Today, more and more procedures are being performed under ultrasound guidance as there is increasing evidence they are more efficient and safer than conventional techniques.[11] Some examples of this include:

  1. Use in incision and drainage of superficial abscess. Ultrasound of suspected areas can be used to localize a fluid collection accurately and guide aspiration or incision and drainage.

  2. Management of peritonsillar abscesses, where intraoral abscesses have been found to be rather well tolerated. As the anatomy of the area is complex, a high frequency curvilinear intracavity probe covered with a sterile sheath is used for the examination.

  3. Ultrasound has been used to guide various joint aspirations/arthrocentesis. It is particularly helpful when initial blind aspiration has failed or when patient characteristics such as obesity makes the procedure technically difficult.

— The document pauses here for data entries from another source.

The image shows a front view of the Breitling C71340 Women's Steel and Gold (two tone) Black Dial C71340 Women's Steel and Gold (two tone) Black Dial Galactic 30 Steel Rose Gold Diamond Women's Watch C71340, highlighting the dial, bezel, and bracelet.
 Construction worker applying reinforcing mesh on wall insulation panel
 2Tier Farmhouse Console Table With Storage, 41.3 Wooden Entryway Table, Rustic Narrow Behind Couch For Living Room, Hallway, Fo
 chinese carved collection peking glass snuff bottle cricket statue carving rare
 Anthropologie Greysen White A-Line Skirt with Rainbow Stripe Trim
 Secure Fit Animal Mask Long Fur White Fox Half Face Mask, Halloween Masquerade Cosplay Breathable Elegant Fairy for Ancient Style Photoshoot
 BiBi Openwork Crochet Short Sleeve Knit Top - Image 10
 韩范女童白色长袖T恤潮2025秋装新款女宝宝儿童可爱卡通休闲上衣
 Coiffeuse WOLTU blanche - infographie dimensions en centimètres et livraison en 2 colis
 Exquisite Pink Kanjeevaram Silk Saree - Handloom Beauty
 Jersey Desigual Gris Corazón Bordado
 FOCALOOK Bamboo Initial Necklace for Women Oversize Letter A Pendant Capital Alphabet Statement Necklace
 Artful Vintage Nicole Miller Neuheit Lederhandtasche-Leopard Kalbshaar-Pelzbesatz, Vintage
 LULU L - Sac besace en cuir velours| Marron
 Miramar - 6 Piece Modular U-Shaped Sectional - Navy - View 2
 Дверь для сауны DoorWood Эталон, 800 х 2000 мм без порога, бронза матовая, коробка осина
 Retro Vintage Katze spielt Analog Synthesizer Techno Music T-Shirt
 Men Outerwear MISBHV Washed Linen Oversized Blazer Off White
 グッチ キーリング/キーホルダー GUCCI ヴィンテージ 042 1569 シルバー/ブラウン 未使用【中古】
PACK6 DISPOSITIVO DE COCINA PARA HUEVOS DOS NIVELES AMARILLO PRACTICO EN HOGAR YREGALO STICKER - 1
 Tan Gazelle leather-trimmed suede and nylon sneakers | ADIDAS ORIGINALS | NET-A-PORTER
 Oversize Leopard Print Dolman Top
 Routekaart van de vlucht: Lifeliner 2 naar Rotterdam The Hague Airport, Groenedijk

  4. Suprapubic bladder aspiration.

  5. Thoracocentesis. Ultrasound allows for more rapid detection and safer percutaneous drainage of pleural effusions than conventional methods and

  6. Pericardiocentesis. Echocardiography is sensitive for the diagnosis of pericardial effusion and tamponade. On ultrasound, pericardial effusion is seen as a dark or anechoic space between the heart and pericardium.

Many invasive procedures are now safer and more efficient with the use of ultrasound guidance.[1216]

Newer areas of use include detection of testicular masses and torsion, ocular ultrasound, and musculoskeletal applications. Perhaps in future the technique can also be used more frequently in prehospital care.

CONCLUSION

Future research in trauma ultrasound will likely focus on integration with current diagnostic and imaging modalities. Highly portable ultrasound units will also become more popular, including the evaluation of transducer frequency for parenchymal injuries. More large multicenter trials will be required to evaluate previous hypotheses and clarify issues such as scoring systems and clinical pathways. Emergency physicians and trauma specialists will continue to be on the forefront of this work. The role of ultrasound in pediatric trauma too needs to be better defined and clarified.

Thus, ultrasound is certainly here to stay and the availability of simulation ultrasound training is a necessary step toward the future.